§ **EXERCISE REQUIREMENTS**
Only certain lines below are wanted: those starting at the line containing "インキュバス 17インチ PCD139.7/6H★4042001TNノ" and ending at the line containing "Samsung Galaxy Tab", both included, each retyped exactly.

INPUT FOR THIS TASK Start Marker

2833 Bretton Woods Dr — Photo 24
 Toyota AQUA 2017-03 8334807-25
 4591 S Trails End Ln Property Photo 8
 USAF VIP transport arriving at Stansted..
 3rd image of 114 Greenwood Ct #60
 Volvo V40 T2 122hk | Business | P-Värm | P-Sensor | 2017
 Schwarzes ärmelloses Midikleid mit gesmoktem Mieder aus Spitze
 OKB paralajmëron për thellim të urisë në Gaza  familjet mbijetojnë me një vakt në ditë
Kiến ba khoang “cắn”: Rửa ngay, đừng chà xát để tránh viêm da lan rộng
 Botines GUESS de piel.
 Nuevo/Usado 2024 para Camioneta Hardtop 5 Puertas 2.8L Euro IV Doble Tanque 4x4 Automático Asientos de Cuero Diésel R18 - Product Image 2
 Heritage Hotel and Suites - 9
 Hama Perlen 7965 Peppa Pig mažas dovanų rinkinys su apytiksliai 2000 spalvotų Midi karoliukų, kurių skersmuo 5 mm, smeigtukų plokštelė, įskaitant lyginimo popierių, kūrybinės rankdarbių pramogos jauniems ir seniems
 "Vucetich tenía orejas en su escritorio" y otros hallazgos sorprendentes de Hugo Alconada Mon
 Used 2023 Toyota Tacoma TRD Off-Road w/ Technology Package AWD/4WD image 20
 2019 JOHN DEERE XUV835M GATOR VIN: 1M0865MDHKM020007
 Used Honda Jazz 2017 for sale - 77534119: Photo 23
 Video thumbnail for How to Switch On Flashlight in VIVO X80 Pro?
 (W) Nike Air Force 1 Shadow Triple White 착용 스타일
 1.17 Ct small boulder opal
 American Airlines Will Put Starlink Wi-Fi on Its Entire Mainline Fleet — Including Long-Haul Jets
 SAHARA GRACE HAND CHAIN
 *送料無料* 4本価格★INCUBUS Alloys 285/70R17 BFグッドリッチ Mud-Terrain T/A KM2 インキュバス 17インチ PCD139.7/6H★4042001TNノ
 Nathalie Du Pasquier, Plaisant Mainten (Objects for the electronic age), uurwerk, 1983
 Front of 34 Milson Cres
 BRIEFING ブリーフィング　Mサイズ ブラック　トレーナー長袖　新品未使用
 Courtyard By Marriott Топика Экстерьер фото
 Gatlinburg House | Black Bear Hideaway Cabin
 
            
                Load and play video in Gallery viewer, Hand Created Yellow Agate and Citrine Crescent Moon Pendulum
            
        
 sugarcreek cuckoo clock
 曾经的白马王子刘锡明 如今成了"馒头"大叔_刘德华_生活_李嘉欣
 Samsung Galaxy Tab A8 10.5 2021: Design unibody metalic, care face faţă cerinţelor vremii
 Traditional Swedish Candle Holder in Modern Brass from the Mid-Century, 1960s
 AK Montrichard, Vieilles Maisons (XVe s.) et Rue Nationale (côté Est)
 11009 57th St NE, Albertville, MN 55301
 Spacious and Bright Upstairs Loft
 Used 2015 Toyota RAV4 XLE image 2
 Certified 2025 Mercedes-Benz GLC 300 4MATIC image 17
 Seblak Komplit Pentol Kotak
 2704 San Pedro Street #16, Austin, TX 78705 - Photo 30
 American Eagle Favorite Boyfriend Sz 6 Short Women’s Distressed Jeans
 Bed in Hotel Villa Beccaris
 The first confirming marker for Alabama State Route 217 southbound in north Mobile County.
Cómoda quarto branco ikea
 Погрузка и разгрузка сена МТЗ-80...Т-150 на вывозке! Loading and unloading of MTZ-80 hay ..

INPUT FOR THIS TASK End Marker

§ **EXERCISE RESPONSE**
 *送料無料* 4本価格★INCUBUS Alloys 285/70R17 BFグッドリッチ Mud-Terrain T/A KM2 インキュバス 17インチ PCD139.7/6H★4042001TNノ
 Nathalie Du Pasquier, Plaisant Mainten (Objects for the electronic age), uurwerk, 1983
 Front of 34 Milson Cres
 BRIEFING ブリーフィング　Mサイズ ブラック　トレーナー長袖　新品未使用
 Courtyard By Marriott Топика Экстерьер фото
 Gatlinburg House | Black Bear Hideaway Cabin
 
            
                Load and play video in Gallery viewer, Hand Created Yellow Agate and Citrine Crescent Moon Pendulum
            
        
 sugarcreek cuckoo clock
 曾经的白马王子刘锡明 如今成了"馒头"大叔_刘德华_生活_李嘉欣
 Samsung Galaxy Tab A8 10.5 2021: Design unibody metalic, care face faţă cerinţelor vremii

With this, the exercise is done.